Data Masking for PostgreSQL

pg_datamask is an extension for PostgreSQL, built by CYBERTEC. Limit the exposure of sensitive data – anonymize it. Provide real-world testing data to your developers without risk; data masking for PostgreSQL is the best way to protect your data. Our extension ensures that real data is never exposed to software developers – however, it preserves the original characteristics of your data. Your result: realistic testing without the risk of data leaks.

Secure data: The need for data masking

Masking data is not just desirable – in some cases it is even required by law. CYBERTEC provides a means to help PostgreSQL users protect their data.

What data masking can do for you:

Prevent data proliferation: The problem of data proliferation affects all areas of business and can gravely affect the profitability of your businesses.
Conform to legal requirements: In recent years, various regulations and legal requirements such as PCI-DSS, GDPR (European Union General Data Protection Regulation) have been created to ensure private data stays private.
Protect privileged or secret information: In many cases, companies work with highly critical data which should not be seen by potential competitors.

Data masking is an elegant solution to these problems.

How data masking for PostgreSQL works

Our module hooks into the PostgreSQL core and processes data while it streams.
From a user’s point of view, you first create a masked backup, which can then be used by developers to work on fully anonymized data. The advantage of the process is that developers are always clearly separated from the production system, which drastically reduces the risk of a leak.

Here is how data masking with pg_datamask works:

Configure PostgreSQL for data masking
Build a model to handle anonymization
Create a user to create secure backups
Take a masked backup
Provide the secure backups to your developers

Customized masking vs. generic masking

Currently there are two options available to anonymize data:

• Generic masking: We ship a ready-made function, suitable for most needs
• Custom-built code: You can write your own functions to mask your data

If you want to go the fast route, we’ll provide you with a ready-made solution to handle your data – get started quickly. However, if you prefer, write your own custom code and get all the flexibility you need to handle data the way you want.
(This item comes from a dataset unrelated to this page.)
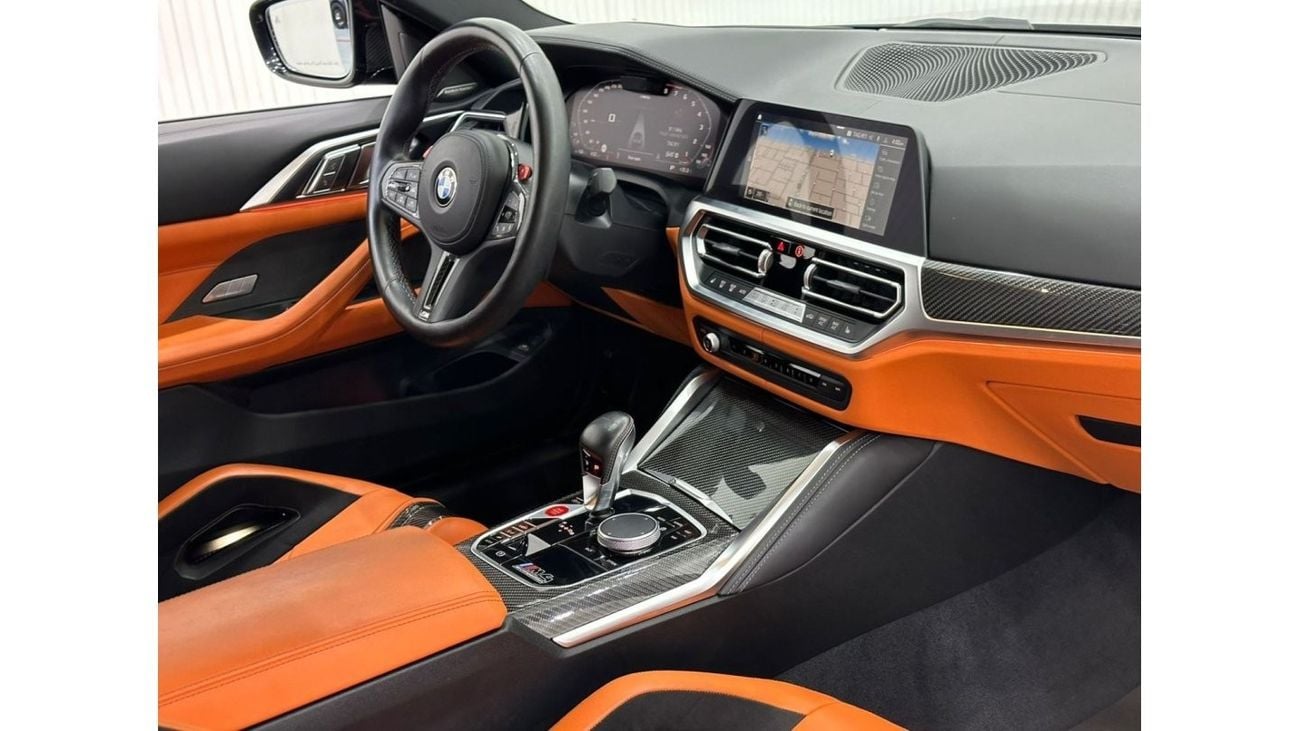 بي أم دبليو M4 2021 BMW M4 Competition, June 2026 BMW Warranty + Service Pack, Full Options, Very Low Kms, GCC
Generic masking: Our masking library

Our masking library allows you to choose how to mask specific data types. The library provides functionality for the most typical use cases, which allows you to:

easily customize your masking process;
at the same time, retain efficiency.

Our library has all you need:

Simple replacements for very basic needs
Fully irreversible anonymization

Limitations and side notes:

NULL fields won’t be masked, because the content is already “unknown” anyway.
In some rare cases, it could be that CHECK constraints (e.g. CHECK (field < 100)) fail on replay. To get around that, you have to write your own masking function, or just ignore those failures on replay. The reason is that some constraints are so restrictive that automatic masking might lead to errors, so we give the user the chance to directly decide how to handle those cases.